Related: avoiding ease traps.
There’s A Time For Everyone, Scott Alexander argues thusly:
Marriage is a contract, no different in theory than an airline’s contract with an airplane manufacturer. The airline says they’ll buy X planes over the next ten years; the manufacturer says they’ll provide them at such-and-such a price. At the moment of signing, both parties think it’s a good idea. If they both knew it would stay a good idea, a contract would be unnecessary. But something might change. The air travel market might crash, and then the airline would regret having ordered more planes, and want to back out. The price of raw materials might go up, and then the manufacturer would regret offering such a low price, and want to back out themselves. But it would be unfair for the airline to make the airline manufacturer commit to a complicated course of action — building new factories, hiring lots of workers — and then change their mind, leaving them in a worse position than when they started. And it would be unfair for the manufacturer to make the airline commit to a complicated course of action — opening new routes, signing contracts with more airports — and then pull the rug out from under them and demand a higher price. So if you’re committing to a mutual enterprise where both sides are going to make big irreversible changes to satisfy the other, you want a contract where they both agree not to back out, and agree to suffer heavy social and financial sanctions if they do.

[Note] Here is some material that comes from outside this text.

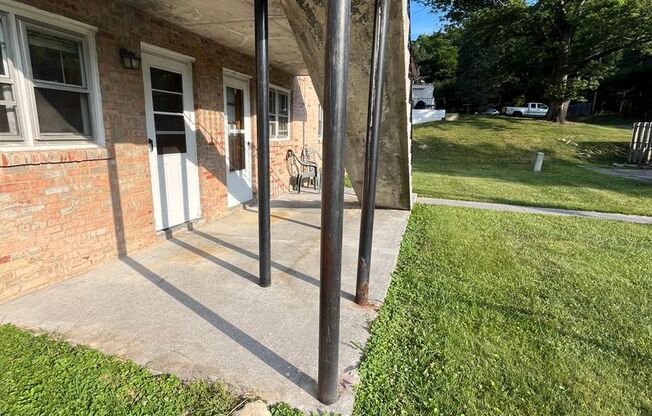 2 beds, 1 bath, 903 sqft, $1,290, Unit E-6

(Eliezer Yudkowsky sometimes describes this as ‘changing yourself into a more coherent person in order to become a better bargaining partner,’ which I find strangely romantic.)

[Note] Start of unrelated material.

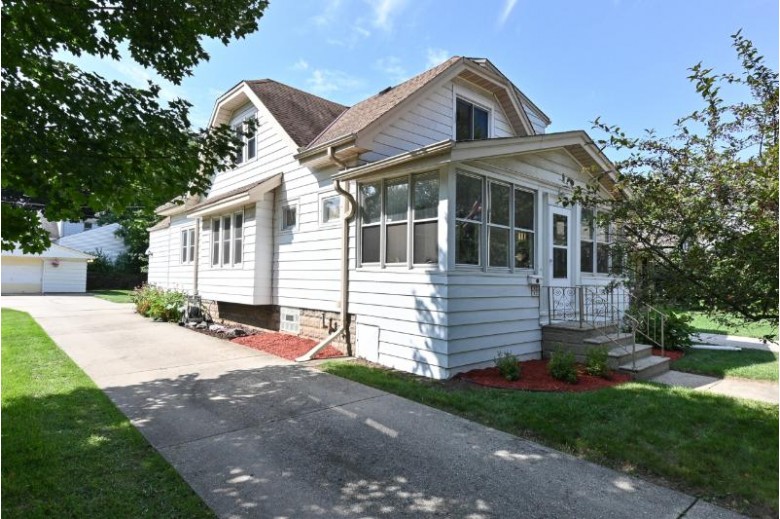 7823 Eagle St, Wauwatosa, WI by Shorewest Realtors, Inc. $239,900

5 Transformative experiences
Humans can go through radical changes (having a child, joining the army, having radical surgery…). If the person I am after that radical change is different from the person before, how should I think about the welfare of that person? How do I reason, right now, about the well-being of the very different person I’d become after a radical change?

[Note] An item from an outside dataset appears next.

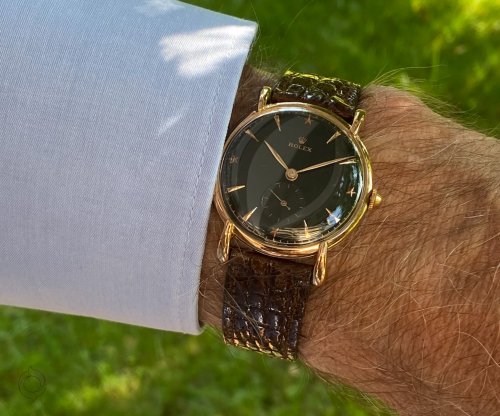 Carousel post from schoenesammleruhren.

Transformative experiences (L. A. Paul) is an introduction to this field.
6 In practice
See time management.
7 Addiction
See addiction.
8 As an alignment problem
How do I align myself now with all my future and past selves?
9 Incoming
Alexey Guzey, Every productivity thought I’ve ever had, as concisely as possible
Jan_Kulveit, rosehadshar, The self-unalignment problem phrases this as an alignment problem, which feels right to me.
Dynomight’s Taxonomy of procrastination
My mental model is: Inside my head there’s a guy named Jim. When I decide I want to do something, Jim does a calculation:
How much time and energy will this take, and how much reward will it bring?
If Jim thinks the reward on effort is too low, he puts a “tax” on that activity. It’s still possible to do it, but it requires a lot of willpower. (Something glucose executive function dopamine something ego depletion norepinephrine.) Empirically, I don’t do those things. Jim wins.
So, when I procrastinate, I try to rephrase the problem as: How do I get Jim to lower the tax? This is hard because Jim is stubborn and opinionated and skeptical and illogical.